Finding new strength - and self - through innovative pain program
Makayla Clark gave little thought to the pain that was slowly gripping her right knee. As an athlete, she was used to the aches and pains that accompany daily workouts and game-time intensity. But as time wore on, the pain worsened. And after months of trying to tough it out, the pain led Makayla down an unexpected path.
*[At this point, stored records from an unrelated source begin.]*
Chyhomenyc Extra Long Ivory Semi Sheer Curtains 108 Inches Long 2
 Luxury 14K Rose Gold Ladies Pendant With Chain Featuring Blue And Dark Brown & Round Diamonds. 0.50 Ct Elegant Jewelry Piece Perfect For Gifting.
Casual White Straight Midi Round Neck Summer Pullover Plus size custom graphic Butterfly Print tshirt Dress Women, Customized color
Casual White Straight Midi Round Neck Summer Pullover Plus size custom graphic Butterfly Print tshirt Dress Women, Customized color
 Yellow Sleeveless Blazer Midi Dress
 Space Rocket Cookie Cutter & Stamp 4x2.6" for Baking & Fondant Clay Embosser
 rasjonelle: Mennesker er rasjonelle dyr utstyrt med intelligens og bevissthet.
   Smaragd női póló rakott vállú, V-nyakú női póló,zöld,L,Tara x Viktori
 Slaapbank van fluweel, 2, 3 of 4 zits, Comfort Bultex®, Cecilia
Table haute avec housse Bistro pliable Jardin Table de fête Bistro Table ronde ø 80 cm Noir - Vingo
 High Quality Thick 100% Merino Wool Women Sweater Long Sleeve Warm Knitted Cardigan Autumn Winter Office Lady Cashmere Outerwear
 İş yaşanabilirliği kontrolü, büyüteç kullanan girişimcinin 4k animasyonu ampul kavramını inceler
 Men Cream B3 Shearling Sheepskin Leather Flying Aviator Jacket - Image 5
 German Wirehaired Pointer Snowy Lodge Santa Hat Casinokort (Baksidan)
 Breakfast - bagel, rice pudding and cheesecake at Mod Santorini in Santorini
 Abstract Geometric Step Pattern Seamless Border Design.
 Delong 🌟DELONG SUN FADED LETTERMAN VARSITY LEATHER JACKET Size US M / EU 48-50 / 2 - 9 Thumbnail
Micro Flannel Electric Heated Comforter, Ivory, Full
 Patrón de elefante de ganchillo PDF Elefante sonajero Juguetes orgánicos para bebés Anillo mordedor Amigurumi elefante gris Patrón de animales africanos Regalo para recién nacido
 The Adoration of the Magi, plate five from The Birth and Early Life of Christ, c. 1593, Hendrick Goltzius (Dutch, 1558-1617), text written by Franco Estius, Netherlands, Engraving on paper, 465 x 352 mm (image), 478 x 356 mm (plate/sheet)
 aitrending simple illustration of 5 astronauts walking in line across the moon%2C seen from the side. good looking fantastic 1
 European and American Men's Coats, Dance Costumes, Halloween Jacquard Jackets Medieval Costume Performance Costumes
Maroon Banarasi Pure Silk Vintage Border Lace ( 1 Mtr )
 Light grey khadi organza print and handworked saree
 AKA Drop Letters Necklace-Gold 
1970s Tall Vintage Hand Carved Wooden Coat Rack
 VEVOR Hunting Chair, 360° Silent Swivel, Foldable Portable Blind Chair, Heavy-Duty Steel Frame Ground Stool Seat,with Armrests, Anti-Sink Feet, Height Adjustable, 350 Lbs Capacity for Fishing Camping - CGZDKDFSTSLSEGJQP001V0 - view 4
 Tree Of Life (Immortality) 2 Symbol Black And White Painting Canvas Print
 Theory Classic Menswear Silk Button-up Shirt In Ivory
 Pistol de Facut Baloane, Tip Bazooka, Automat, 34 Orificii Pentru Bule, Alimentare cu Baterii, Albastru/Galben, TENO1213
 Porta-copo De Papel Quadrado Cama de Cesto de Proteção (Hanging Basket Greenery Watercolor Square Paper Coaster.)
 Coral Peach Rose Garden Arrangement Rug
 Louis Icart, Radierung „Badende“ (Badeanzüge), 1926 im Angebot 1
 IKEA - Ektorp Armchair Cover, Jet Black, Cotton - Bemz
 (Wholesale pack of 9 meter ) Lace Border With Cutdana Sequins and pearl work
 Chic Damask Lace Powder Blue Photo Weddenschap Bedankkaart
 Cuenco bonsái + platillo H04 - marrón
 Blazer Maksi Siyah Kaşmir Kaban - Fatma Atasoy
Eight months after the pain emerged, Makayla went from sprinting on the basketball court to hobbling on crutches. A few weeks later, she was virtually immobilized. Her entire right leg became dead weight. In the blink of an eye, the once-active 12-year-old was battling constant, crippling pain.
The Search for Answers
Makayla's condition remained a mystery as her family consulted one specialist after another. Medications were prescribed. Support braces were fitted. Still, there was no sign of improvement.
"She was convinced she would never be active again," Karen said. "She was basically couch-bound."
After trying every treatment option outside of invasive surgery, Karen finally came across an answer.
She learned that Cara Hoffart, DO, and her team at Children’s Mercy specialize in treating kids with Makayla’s symptoms. She soon had a name for the cause – a little-known condition called amplified pain syndrome. The next thing they knew, the Iowa family was making the five-hour trek to Kansas City with hope for a cure.
Karen and Makayla learned two things during their first meeting with Dr. Hoffart – 1. Recovery was possible and 2. It would not be easy.
The Rehabilitation for Amplified Pain Syndromes (RAPS) program leads patients through three to four weeks of intense physical exercise to help restore mobility. No medications. No surgical procedures. Just retraining the body through tough physical work and emotional work and – once function is regained – curing the pain that led to their condition.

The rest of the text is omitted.